Performance on massive URL lists (10,000+) requires tuning. The default thread count works well for 500-2,000 URLs but isn't optimal for larger sets. You'll need to experiment with --threads and --timeout values. Setting timeouts too low causes false negatives on slow-loading sites; too high and a handful of hanging sites will bottleneck your entire scan. The tool doesn't implement adaptive timeout adjustment based on response patterns, so you're manually finding the sweet spot for your target environment.
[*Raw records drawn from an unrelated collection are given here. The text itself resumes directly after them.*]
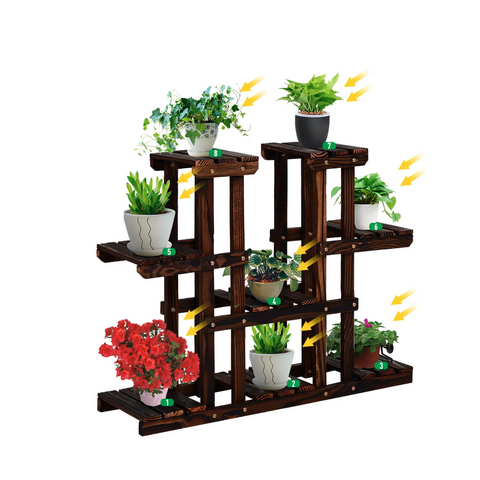 Rootz Plantenrek - Bloementrap - Plantenstandaard - 4 Niveaus - Bruin - Massief Hout - 95 x 25 x 72 cm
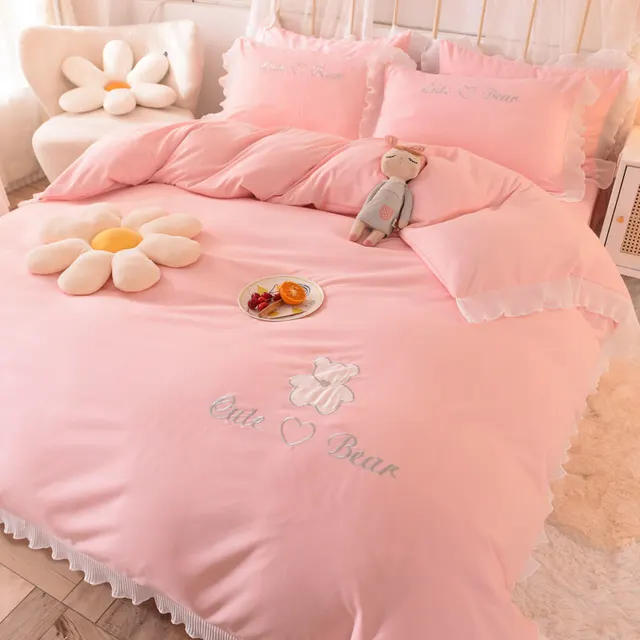 Cotton Four piece Lace Skin friendly Breathable Bed Sheet Pink - Shop at LoveMi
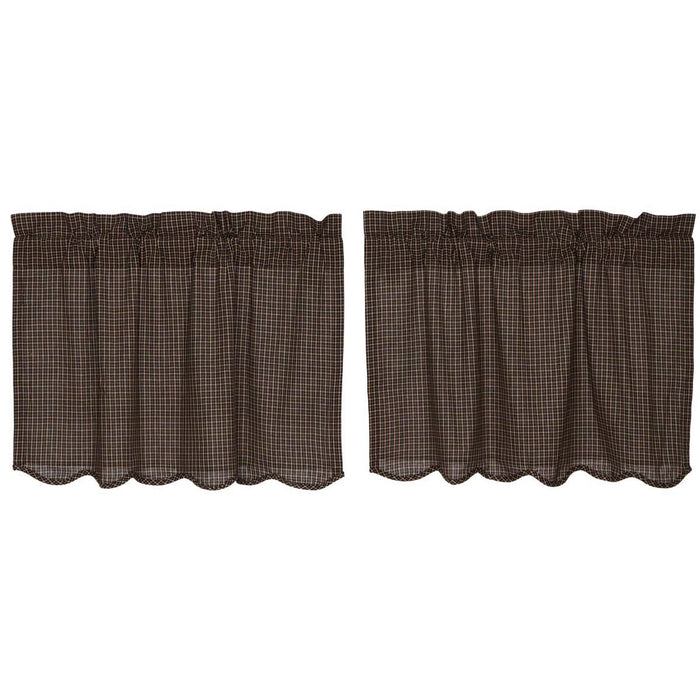 Kettle Grove Scalloped Lined Tier Curtains 24" - Primitive Star Quilt Shop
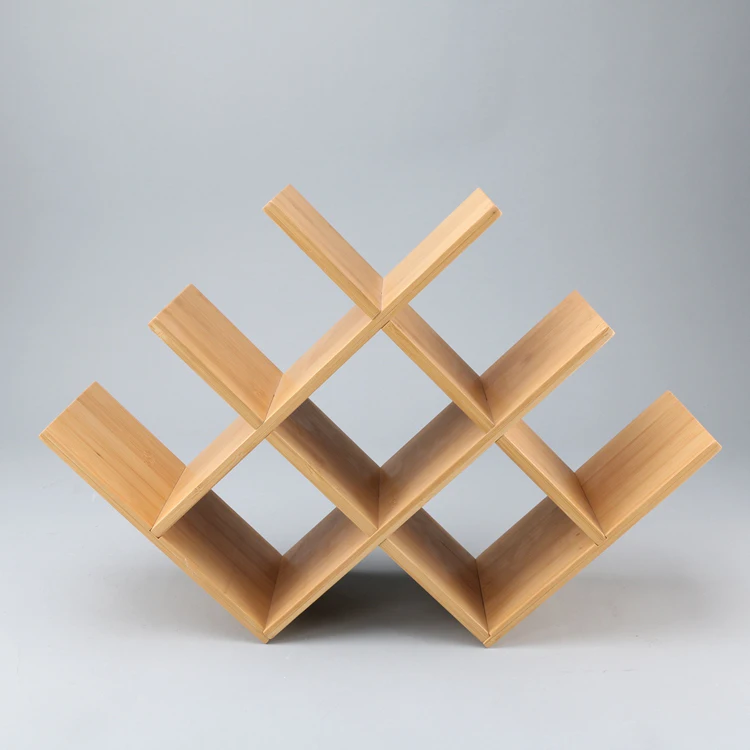 Eco-friendly Bamboo Wooden Stackable Wine Bottle Rack Free Standing Wine Storage Racks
Memory consumption with 20 threads running headless Chrome instances can hit 8-10GB on large scans, which limits laptop-based reconnaissance—you'll want a dedicated VM or server for serious use.
Verdict
Use if: You're conducting penetration tests, bug bounties, or asset inventory against organizations with hundreds or thousands of web services and need visual reconnaissance integrated with Nmap/Nessus workflows. It's particularly valuable on modern Kali/Debian systems where the virtual environment isolation actually simplifies deployment compared to tools still fighting PEP 668. The resume capability makes it the best choice for unreliable network conditions or multi-day reconnaissance engagements. Skip if: You need real-time monitoring (it's batch-only), require Docker deployment for pipeline integration (Docker support is incomplete), are doing quick ad-hoc screenshots of fewer than 50 URLs (the venv activation overhead isn't worth it—use gowitness or aquatone instead), or need sophisticated credential brute-forcing beyond default credentials (use dedicated tools like Burp Intruder or Hydra after identifying login pages with EyeWitness).